The downside of being nice at work

BBC Capital

Maybe nice guys really do finish last.

Is it possible that being too agreeable or too nice in your dealings with customers, colleagues, subordinates or supervisors is more negative than positive?  Could kindness be holding you back in your career, or be stunting your ability to get a better deal? Several LinkedIn Influencers weighed in on the downside of nice this week.

Here’s what some of them had to say:

Greg McKeown, author, strategy consultant to technology companies

McKeown spent a year gathering data “from 1,000 managers about their experiences at over 100 companies including Apple, Cisco, HP, IBM, Intel, Microsoft, Novel and Symantec,” he wrote in his post Warning: Your Nice Boss May Be Killing Your Career.
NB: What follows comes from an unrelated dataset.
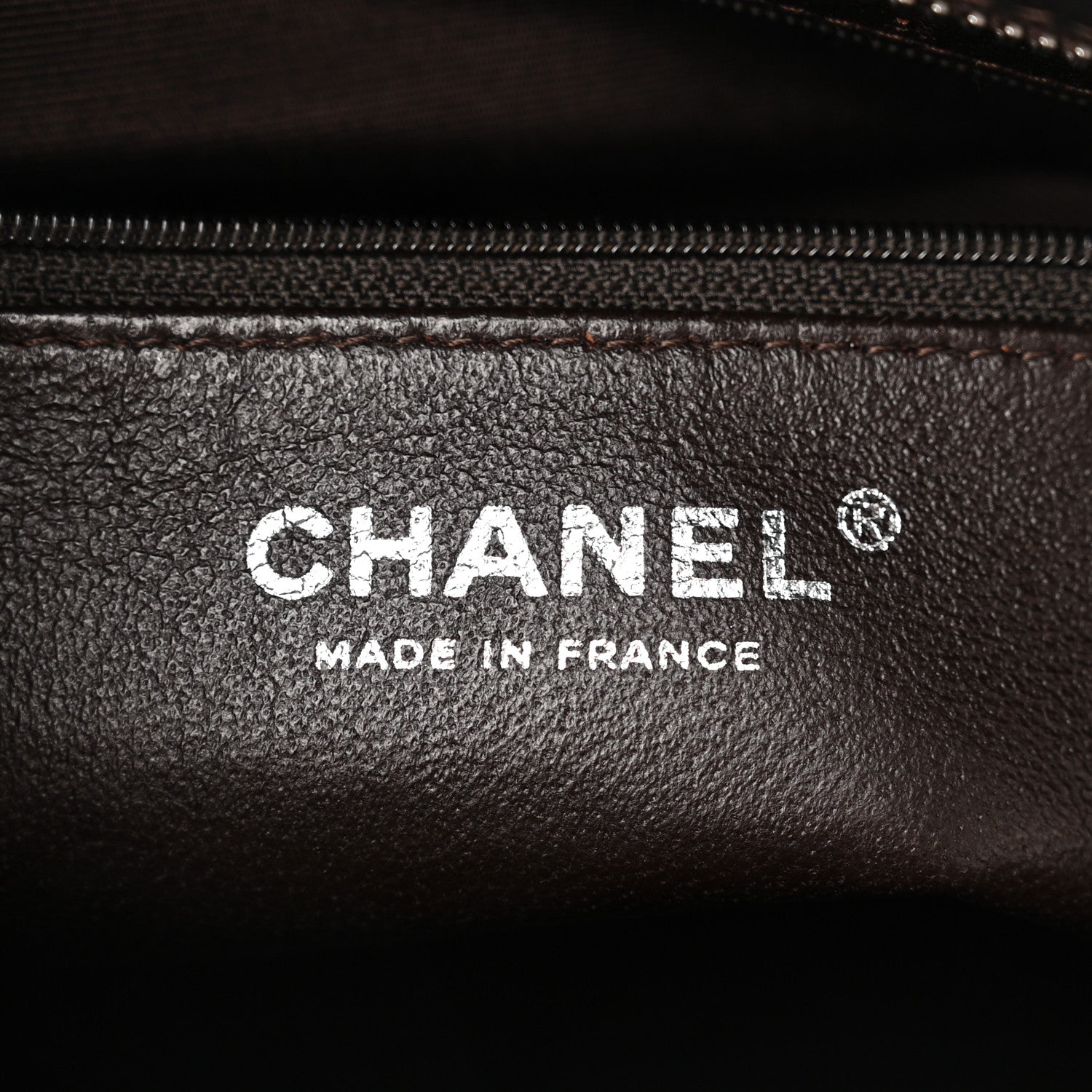 Chanel Caviar Quilted Medallion Tote Dark Brown 6 of 10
He wanted to understand the conditions under which “people did the very best work of their careers.” He expected to find a plethora of examples of “over managing, controlling, tyrannical managers,” McKeown wrote. And he did find that in about half the examples. But, he wrote, “The other half surprised me: what they described were managers who were nice but weak.”

One example McKeown gave: “I once worked with just such an executive. He spoke with a soft, quiet voice. He never interrupted anyone… Every time the team became [frustrated] and ready to make the change necessary to get to the next level he would stand up and say sweetly, ‘Oh, I just wanted to remind you all of how far we have come.’ And after a few more sentences the spark of aspiration was gone from the room. He unintentionally signalled the status quo was plenty good enough. There was no need to try harder or change how things were going.”
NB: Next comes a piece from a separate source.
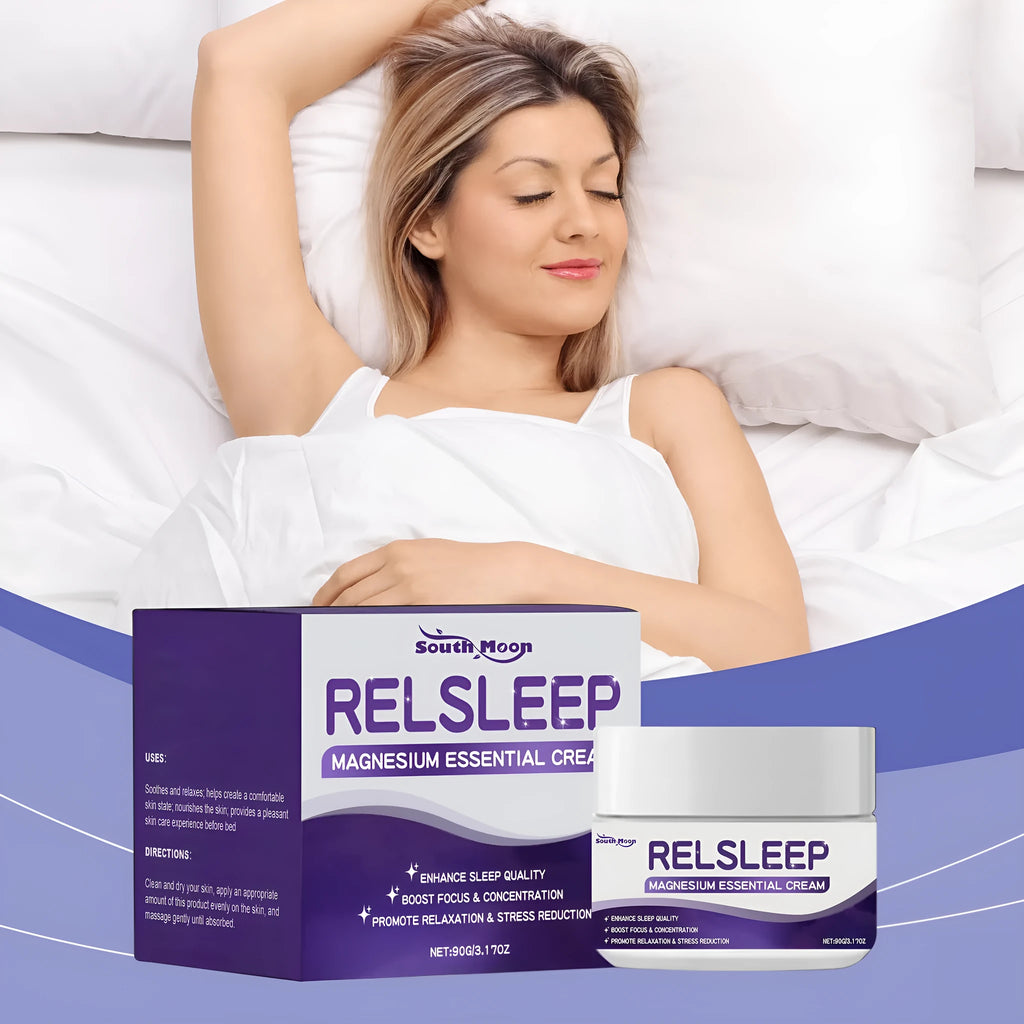 90g jar of sleep magnesium essence cream with honey and magnesium sulphate for nighttime skincare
That attitude can make workers complacent. “The cumulative effect on your career can be dramatic,” McKeown wrote.

How can you tell if your manager is so nice that he or she is hurting your career? Among the questions McKeown said professionals should consider: Does your manager avoid the hard conversations? Does your manager leave problems on the team to fester because he or she doesn’t want to cause offence?

Michael Wheeler, professor at Harvard Business School

For many people, the idea of coming to an agreement on a deal is a good thing. But Wheeler sees it differently. “I once did advisory work for a midsized company whose CEO cheerfully told me, ‘In twenty-five years, we’ve never failed to reach agreement with a customer or a vendor’,” Wheeler wrote in his post Are You Being Too Agreeable? He later told the executive that the company’s record was an odd thing to be proud of.

“If you always come to agreement, there are two explanations and neither of them is good,” Wheeler wrote. “Either you’re being overly cautious and only going after sure things, or sometimes you’re saying yes when you’d be better off walking away.”

It sounds simple enough, but it’s a hard principle to honour in the real world. “Companies often unwittingly set up incentives that make it hard for their employees to come home from the bargaining table empty-handed,” Wheeler wrote. If the opposite were true, some deals could turn out better than they do.

So what’s the right approach? Among other things, Wheeler offered: “Negotiators need to know that they have permission to say no… That doesn’t mean they have to be hard-nosed or rigid. Creativity can spell the difference between deadlock and a deal. Likewise, forging a constructive relationship can lead others to accept terms that they might have originally rejected.”